On March 10, 1613 the renowned English playwright William Shakespeare bought for 140 pounds a dwelling place in Blackfriars, London. This innocent act perplexes a few renegade antiquarians who ask, Since the gentleman retired to Stratford-on-Avon in that self-same year of 1613, where he spent his sunset years from 1613 to 1616, how and why did he acquire a London residence when, presumably, he was just vacating one? As we have his clumsy signature on the deed, he must have been in London in March, perfected the acquisition of the Blackfriars property, and set off for New Place in Stratford, the country home he’d acquired in 1597. The BBC further piques our curiosity by declaring that he actually moved into New Place “permanently” in 1610. (“Shakespeare’s Last House,”  BBC, 12/22/13) Under this scenario the dramatist leaves the comfort of his estate in Stratford and travels all the way back to London to the Blackfriars act of sale. Since he never lived there we must suppose that he returned posthaste to New Place. Which tale is true? What difference does it make to us Bardolators, who’d believe William tried to blow up Parliament with Guy Fawkes if that’s what the latest news is.

Of course, there’d be no mystery if there happened to be two people named William Shakespeare, one of whom buys New Place in Stratford, and another, entirely different, fellow with the same name, who gets the Blackfriars digs. But . . . more than one William Shakespeare?? Impossible. What  a silly idea! Everyone knows there was only one guy with that crazy name . . .  Right? 

Wrong. Turns out there was a whole passel of Will Shakespeares running around back then. Didn’t they tell you? Mrs. C.C. Stopes, indefatigable and precise genealogist, devoted years to rummaging through musty archives researching the whole Shakespeare clan, publishing her undisputed findings in 1901 as Shakespeare’s Family. Combing through tax rolls, birth and death records, marriage and baptismal documents, in all pertinent counties, Mrs. Stopes discovered the astonishing fact of Shakespearean Plurality.

In the standard model (one and only one William Shakespeare) the William of Stratford who is present at the baptism of his twins in 1585 is the same fellow who acquires notoreity in London in 1592 with his line about a tiger’s heart wrapped in a woman’s hide from the third part of King Henry VI. A corollary of that identity means that young William traveled to London and entered the theatrical profession, an idea not reflected in any document but presumably a natural and necessary inference. If, on the other hand, there existed a plurality of persons bearing that name, the same name in Stratford and in London might mean one fellow in Stratford and another in London. 

It will be remembered that William of Stratford acquired New Place in Warwickshire County in 1597. But per Mrs. Stopes that is the year that a William Shakespeare was assessed in St. Helens Parish, London for monies owed: 1597. The entry is “Affid. William Shakespeare on v. goods, assessed xiii iiiid.” Notice the correct spelling of “Shakespeare.” Mrs.
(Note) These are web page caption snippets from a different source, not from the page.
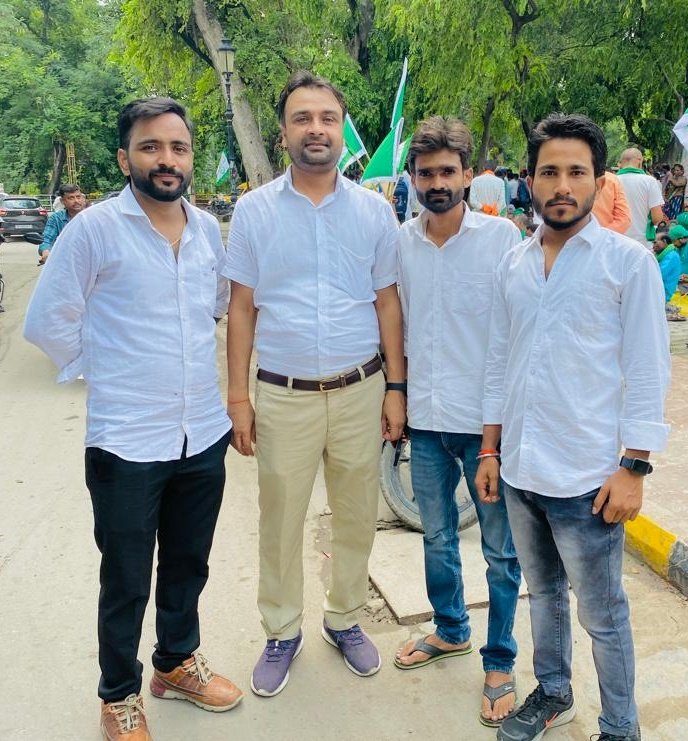 avinashsinghdev's tweet photo. #UPPRT_शिक्षक_भर्ती_कब 
#2_अगस्त_क्रांति
संघर्ष जारी ✊🔥

रीट्वीट कीजिए सभी लोग ✅🔥

फॉलो कीजिए 👇
@avinashsinghdev https://t.co/42ysIpARoI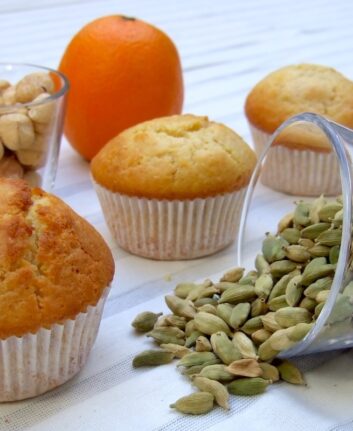 Muffins aux zestes d'orange, cardamome et noisettes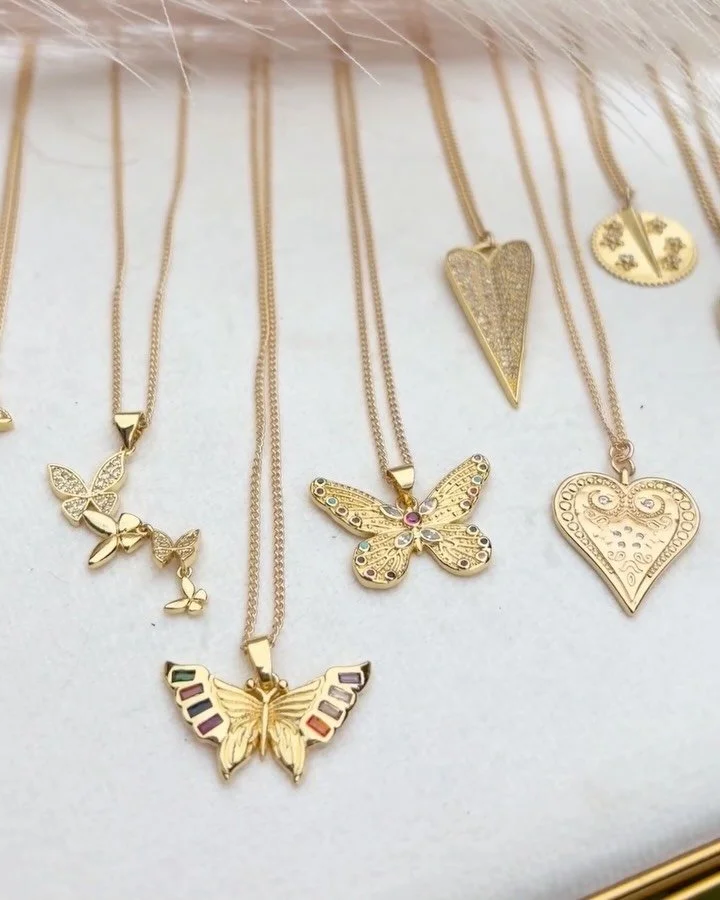 Give her a gift to say thank you with a pendant that speaks volumes. For the woman who gave you wings to grow and has been your guiding star.

Explore Mother&rsquo;s Day gifts at the link in bio 
#rachelnathan #mothersdaygifts #giftswithmeaning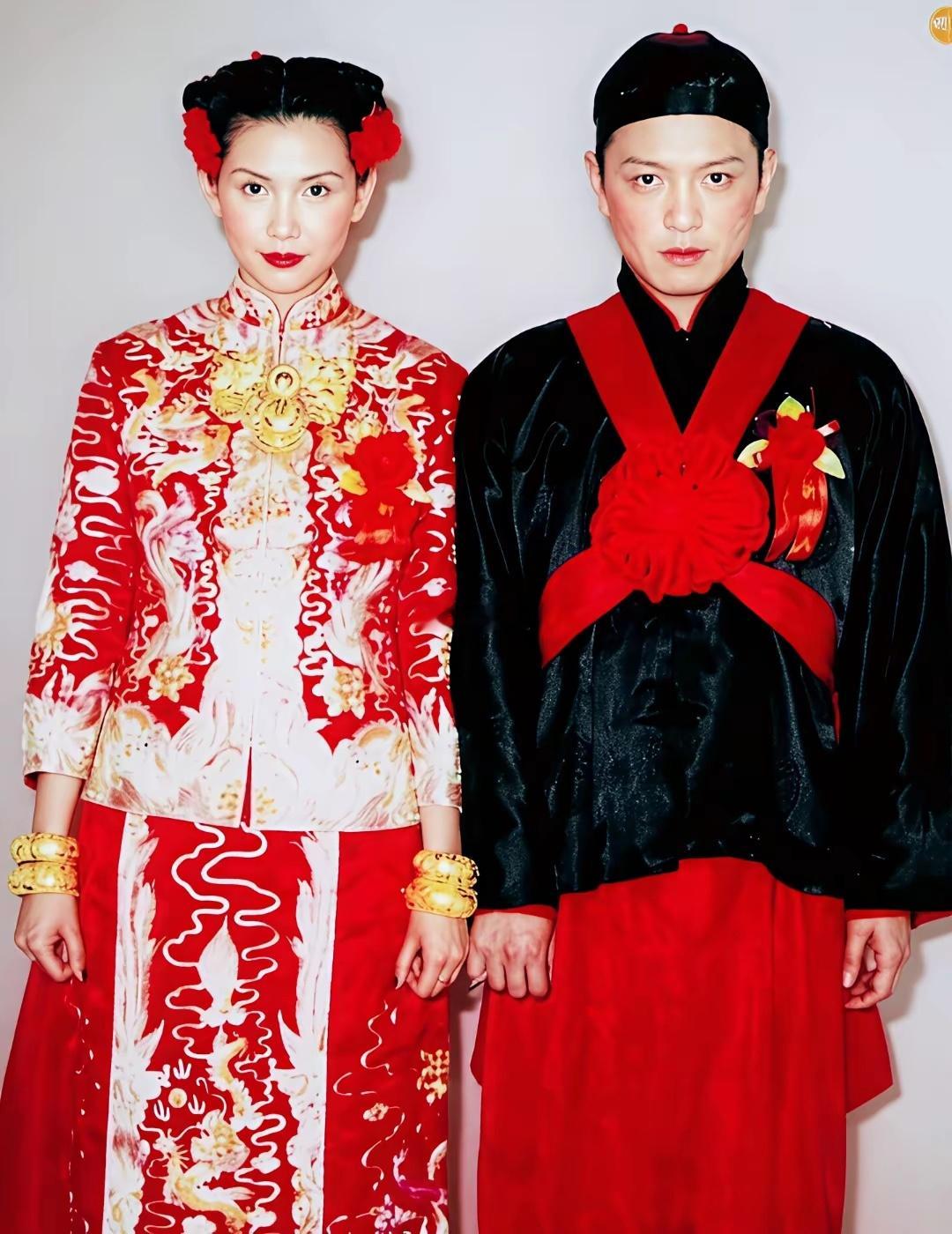 1999年邱淑贞和沈嘉伟的中式结婚照，造型复古特别，两人表情一本正经，很有年代感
Stopes comments, “The ‘affid.’ affixed to it shows that the Shakespeare named tried to avoid payment on some grounds.” (Stopes, 143) To make all these odds even nothing more is needed than to treat these two Shakespeares as one and the same. Yet that is precisely what genealogist Mrs. Stopes declines to do. 

It has surprised many, and satisfied others as suitable, that the poet should have lived in this neighborhood, near so many of his theatrical friends. But I do not think it certainly proved that it was our Shakespeare at all. Two references of Collier seem to locate him in Southwark in 1596, and in 1609, near the site of the Globe Theatre. Several of the name lived near Bishopsgate before and after his death. (Stopes, 143)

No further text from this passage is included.